Sein Engagement als Gastprofessor in den USA verschweigt Homberg ebenfalls nicht. Zwar nicht direkt auf den Seiten der Uni Marburg. Dafür legt er dies in seinem Profil in der Neurowissenschaftlichen Gesellschaft offen. Die Veröffentlichung, die der Abschluss seiner Forschungsarbeit für das von der US-Airforce gemeinsam mit der Deutschen Forschungsgemeinschaft geförderte Projekt war, wird dort allerdings nicht aufgeführt, sondern taucht auf seiner Seite im Internetangebot der Uni Marburg auf. Allerdings in der zivilen Variante, aus der im Titel erst einmal nicht hervorgeht, dass es sich um Grundlagenforschung mit dem Ziel der militärischen Weiterverwendung handelt. Der Hinweis, dass es sich um ein von der DFG und der US-Airforce gemeinsam gefördertes Forschungsprojekt handelt, ergibt sich aus diesen Zeilen im Abspann der Veröffentlichung:
This work was supported by Deutsche Forschungsgemeinschaft Grant HO 950/16–2. Parts of the effort were sponsored by the Air Force Office of Scientific Research, Air Force Material Command, United States Air Force, under Grant FA8655-08–1‑3021
Der eigentliche grundlegende Abschlussbericht für die Forschungsabteilung der US-Airforce war dagegen bereits im März 2011 veröffentlicht worden. Das australische Projekt, das vom AOARD in Tokio betreut wurde, wurde ebenfalls im März 2011 den Sponsoren vorgelegt. In beiden Fällen war der militärische Bezug bereits im Titel zu erkennen:
Nocturnal Visual Orientation in Flying Insects: A Benchmark for the Design of Vision-based Sensors in Micro-Aerial Vehicles. Der Titel der zivilen Publikation dagegen lässt nichts von dieser Zielsetzung erkennen.

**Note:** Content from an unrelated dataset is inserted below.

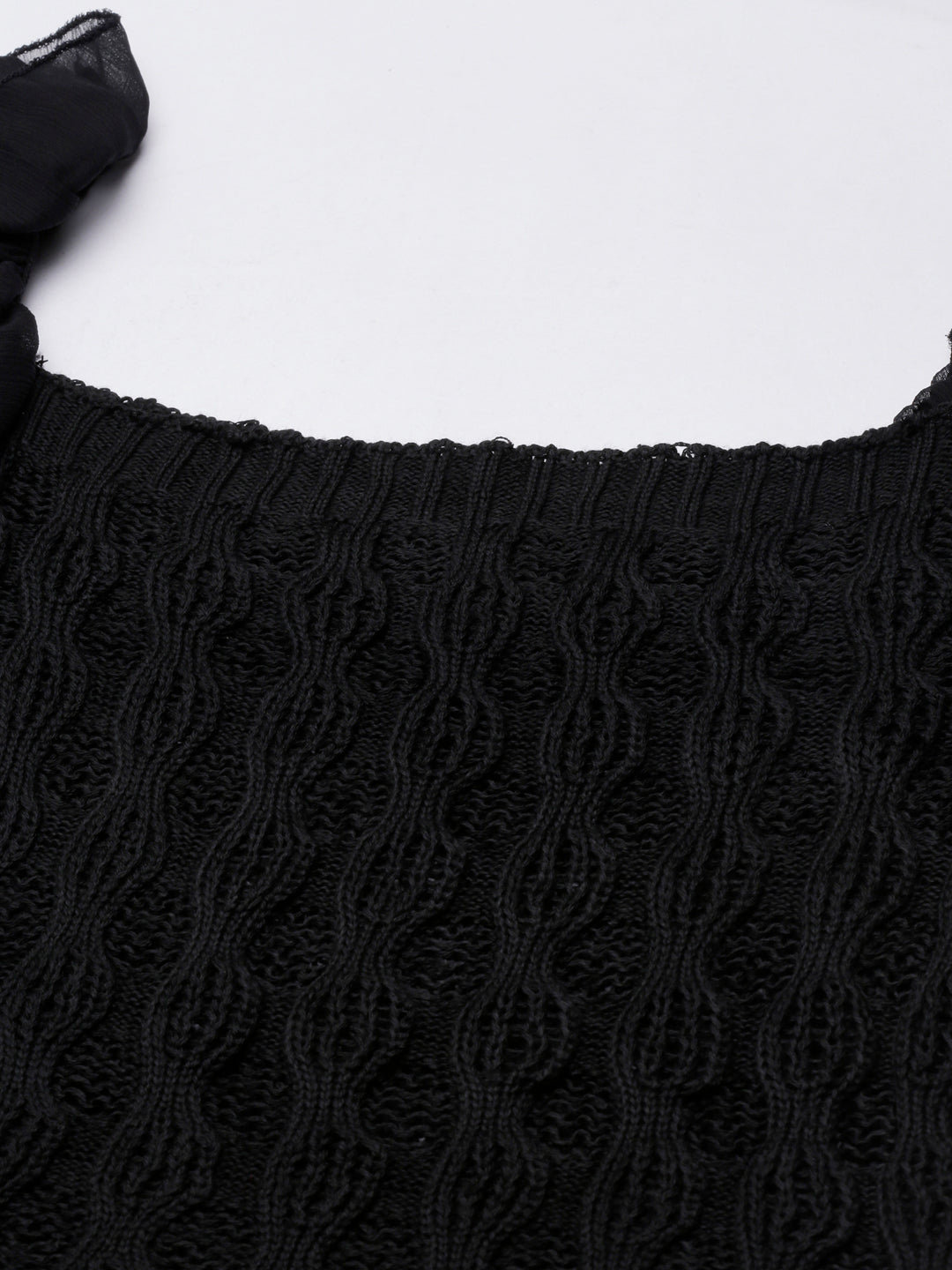 Women Black Solid Crochet Crop Top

Receptive field properties and intensity-response functions of polarization-sensitive neurons of the optic tubercle in gregarious and solitarious locusts
Wusste die Universität von dem Forschungsprojekt und dem militärischen Förderpartner? Danach gefragt, heißt es :
Das Grundgesetz gewährt Forschern ein hohes Maß an Unabhängigkeit. Die Ergebnisse der Forschung fast aller Wissenschaftsdisziplinen können sowohl für friedliche wie auch militärische Zwecke verwendet werden (Dual Use). Aufgrund der klar militärisch ausgerichteten Erwartungen seitens des Mittelgebers hätte die Präsidentin der Philipps-Universität, Prof. Dr. Katharina Krause trotz der unzweifelhaften Ausrichtung auf Grundlagenforschung dringend davon abgeraten, das Projekt zu verfolgen; sie würde dies auch in ähnlich gelagerten Fällen tun. Generell kann Forschung für militärische Zwecke auch auf der Basis des Grundgesetzes und unter Beachtung völkerrechtlicher Grundsätze legitim sein.
Die Antwort der Universität ist grundsätzlich richtig. Nur, und deswegen wird das Forschungsprojekt Hombergs zu einem Marburger Fall ganz eigener Güte: Die Marburger Philippsuniversität ist der Sitz des Zentrums für Konfliktforschung und der Ort, an dem einer der am höchsten dotierten Preise für sozialwissenschaftliche Arbeiten in Deutschland zuhause ist: Der Peter-Becker-Preis. Verliehen wird dieser Preis für Friedens- und Konfliktforschung jedes zweite Jahr. In diesem Jahr war es wieder soweit. Auch ansonsten ist die Marburger Universität nicht unbedingt für die Nähe zum Militär bekannt. Zumindest bisher nicht. Ob denn nun die Marburger Uni angesichts des eigenen Profils über eventuelle Folgen nachdenkt? Grundsätzlich nicht, lautet die Antwort. Vielleicht wäre die Einrichtung einer Ethikkommission, wie sie aus der Medizin bekannt ist, eine mögliche Konsequenz. Denn genau eine solche Stelle gibt es in Marburg bisher nicht. Auch das eine Antwort der Uni Marburg.